The R-rating also seems to have been generated by the prodigious use of the F-word.
"The Family," which uses voiceovers by De Niro very effectively, has many elements of humor, and is also extremely tension-filled.
It's good to see De Niro in a role in which he's in nearly every scene and is not just playing a supporting player. De Niro, in salt and pepper beard and hair, shambling around in pajamas and a robe, "Wise Guys" vocal mode, and trademark wry and whimsical facial expressions, seems comfortable and is convincing in a role that is admittedly not much of a stretch for him, given his film-acting resume. He plays it straight to terrific results.
His scenes with Pfeiffer are delightful. Pfeiffer has several scenes where she's on her own, in frumpy dress, sandals with white socks, and hair curlers. She also plays it straight, and that's what makes her portrayal all the more wacky and funny.
As the daughter, Dianna Agron (TV's "Glee") is excellent, like a young Cameron Diaz, and gives a fully-realized performance. As the son, D'Leo ("The Wrestler," 2008) is fine, like a young Ralph Macchio, and also gives a nuanced performance.
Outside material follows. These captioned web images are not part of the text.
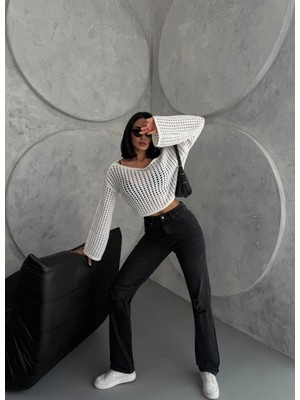 Zeo Basic Kadın Straight Jean Yırtık Detaylı Ara Bel Boru Paça Kot Pantolon Füme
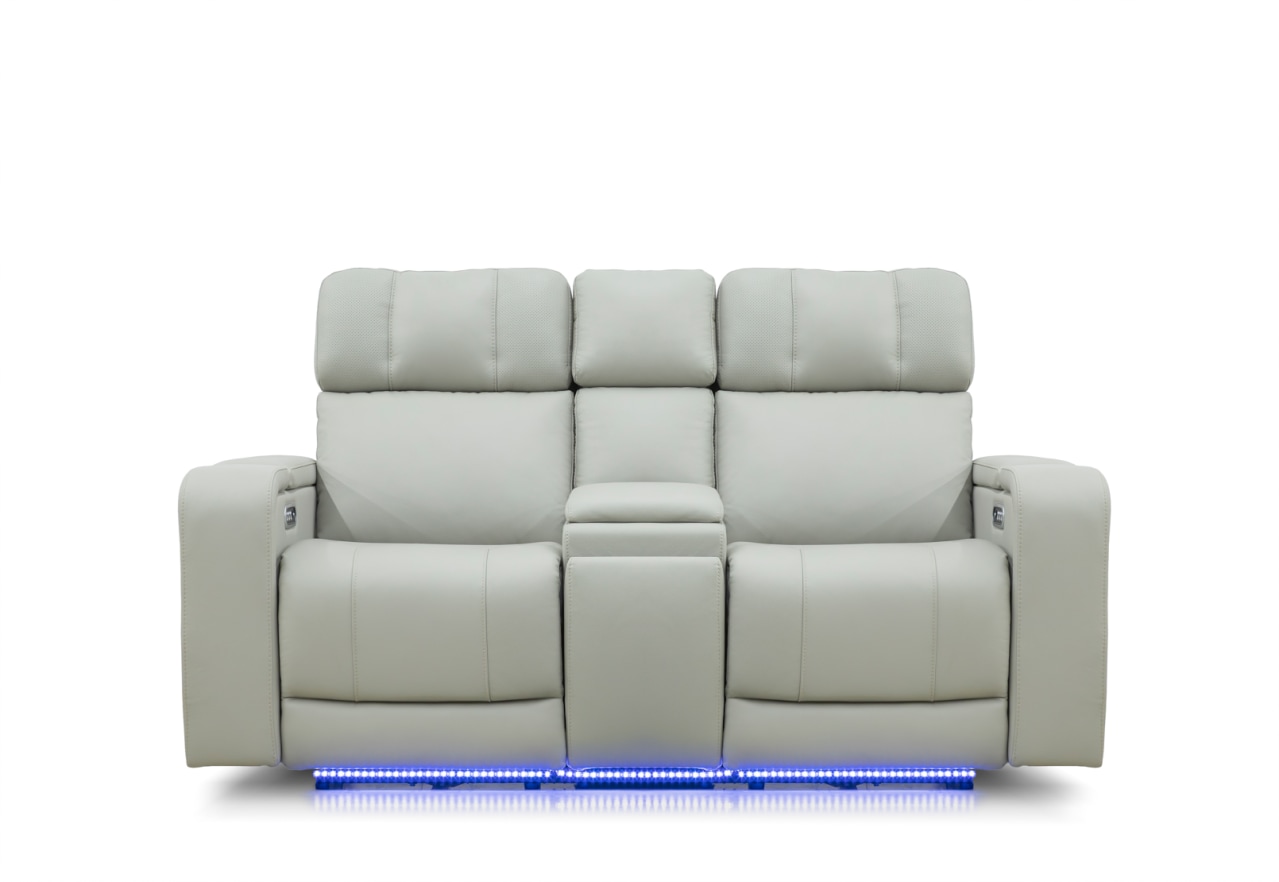 LAS VEGAS LEATHER Media 2 Seater Electric Recliner with Console – image 9 of 22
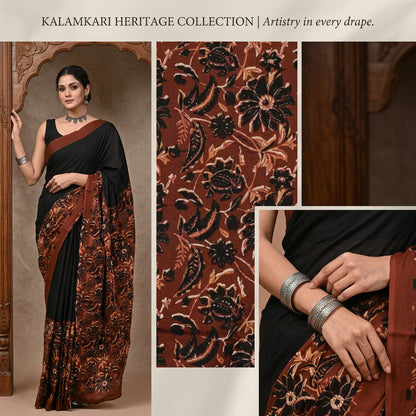 Black & Maroon Jaipuri Hand Block Printed Cotton Mulmul Saree with Blouse Piece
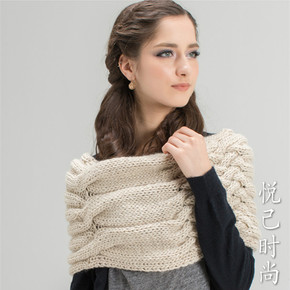 悦己 秋冬季新款针织毛线围巾羊毛女士保暖纯色两用围脖披肩B7028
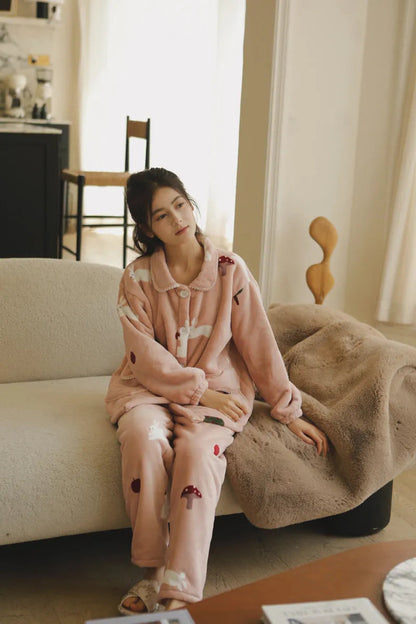Plush Rabbit & Mushroom Flannel Fleece Pajama Set
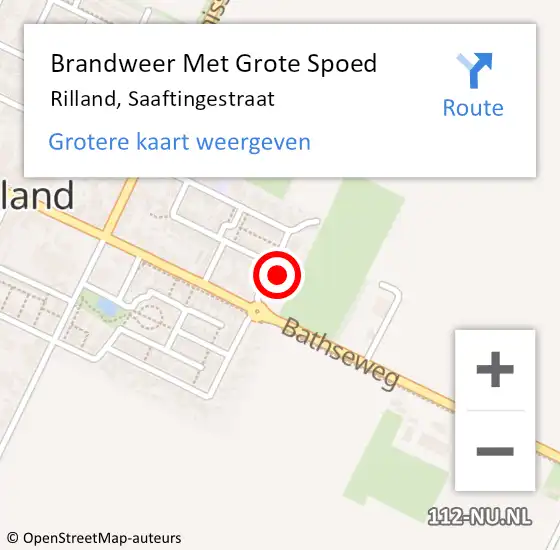 Locatie op kaart van de 112 melding: Brandweer Met Grote Spoed Naar Rilland, Saaftingestraat op 12 januari 2024 15:35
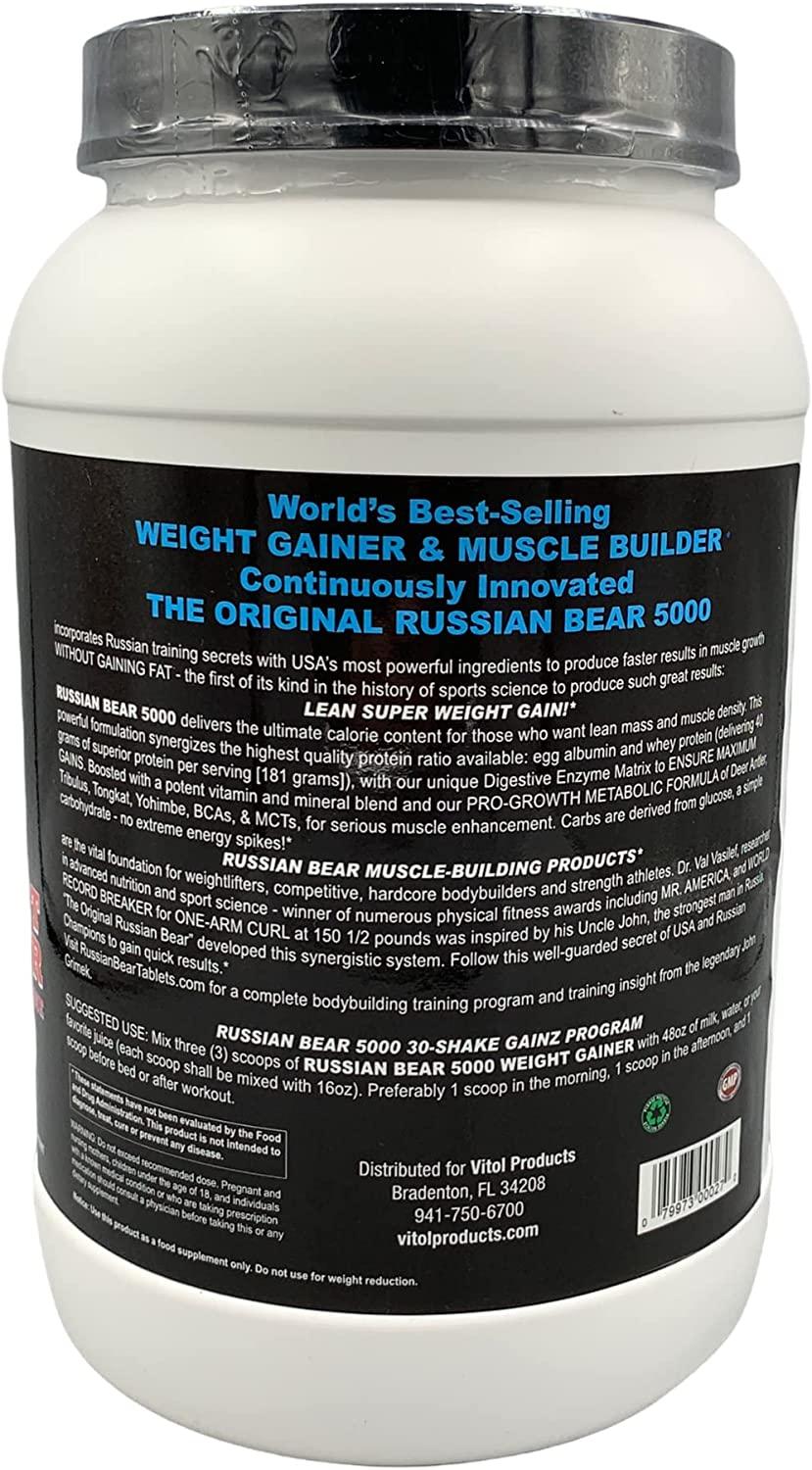 Vitol Russian Bear 5000 Ice Cream Vanilla 4lb Bottle Vanilla ...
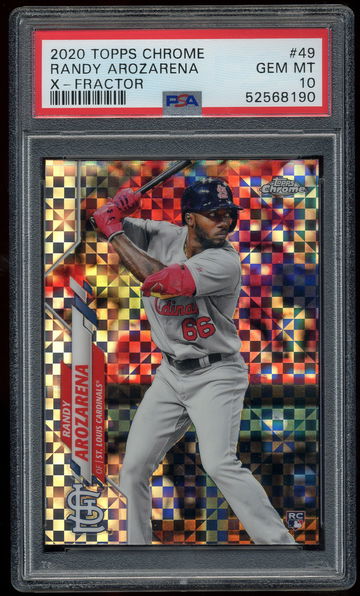 2020 Topps Chrome X-Fractor Randy Arozarena Rookie RC #49 PSA 10 Gem Mint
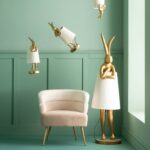 Floor lamp animal rabbit gold white 150cm (2)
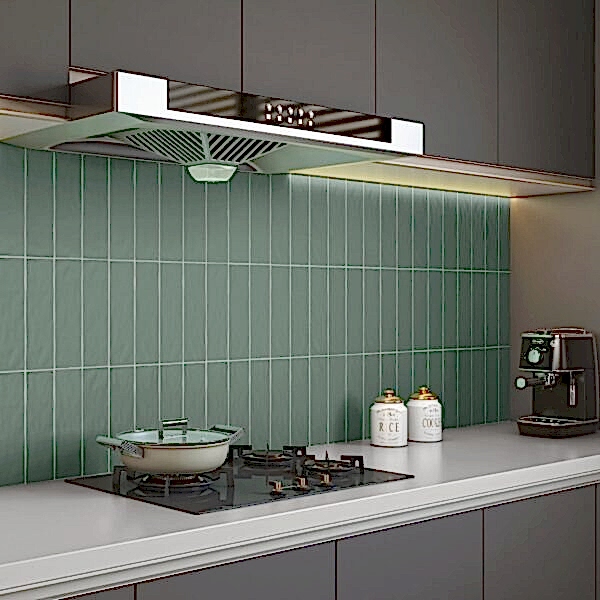 Handcraft Sage Metro Tiles in a kitchen setting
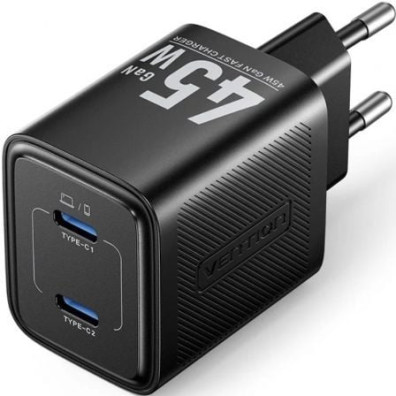 Cargador de Pared GaN Vention FEFB0-EU/ 2xUSB Tipo-C
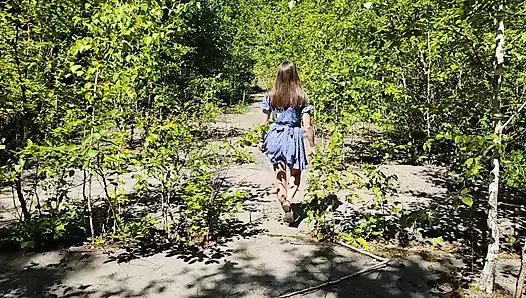 I went for a walk without panties, daring to undress and run naked. It was exhilarating and risky!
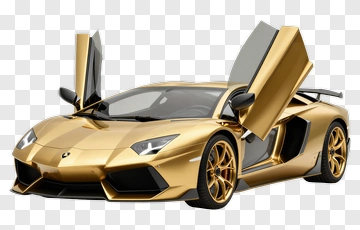 Gold Sports Car With Open Doors PNG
Tommy Lee Jones, as the frustrated FBI agent, also plays it straight, lending additional weight to the storyline's believability.
"The Family" is a taut thriller, a send up of mob-themed films and an overall good time at the movies. Don't miss it.
"The Family," MPAA rated R (Restricted. Children Under 17 Require Accompanying Parent or Adult Guardian.) for violence, language and brief sexuality; Genre: Action, Comedy, Crime; Run Time: 1 hr., 51 min.; Distributed by Relativity Films.
Credit Readers Anonymous: Many of the scenes in "The Family" were filmed in Orne, Normandy, France.
Box Office, Sept. 20: "Prisoners" took no prisoners, opening at No. 1 with $21.4 million, dropping "Insidious Chapter 2" to No. 2, $14.5 million, $60.8 million, two weeks;
3. The Family," $7 million, $25.6 million, two weeks; 4. "Instructions Not Included," $5.7 million, $34.2 million, four weeks; 5. "Battle of the Year," $5 million, opening; 6. "We're The Millers," $4.6 million, $138.1 million, seven weeks; 7. "Lee Daniels' The Butler," $4.3 million, $106.4 million, six weeks; 8. "Riddick," $3.6 million, $37.1 million, three weeks; 9. "The Wizard of Oz," $3 million, $19.7 million (since 1939 theatrical release); 10. "Planes," $2.8 million, $86.5 million, seven weeks
Unreel, Sept. 27:
"Cloudy with a Chance of Meatballs," PG: That infernal machine is still churning out menacing food-animal hybrids. The animated feature sequel includes the voice talents of Bill Hader, Anna Faris, Will Forte and Neil Patrick Harris.
"Rush," R: The 1970s rivalry between Formula One drivers James Hunt and Niki Lauda is recreated. Chris Hemsworth, Daniel Bruhl, Olivia Wilde and Natalie Dormer star. Ron Howard directs the biographical drama.
"Baggage Claim," PG-13: Taye Diggs, Jill Scott, Djimon Hounsou and Paula Patton star in the comedy about a woman on a mission to land a suitor.
"Don Jon," R: A New Jersey guy dedicated to family, friends and church develops an addiction to pornography. Joseph Gordon-Levitt stars and directs in his big-screen directorial debut, Scarlett Johansson, Julianne Moore and Tony Danza also star.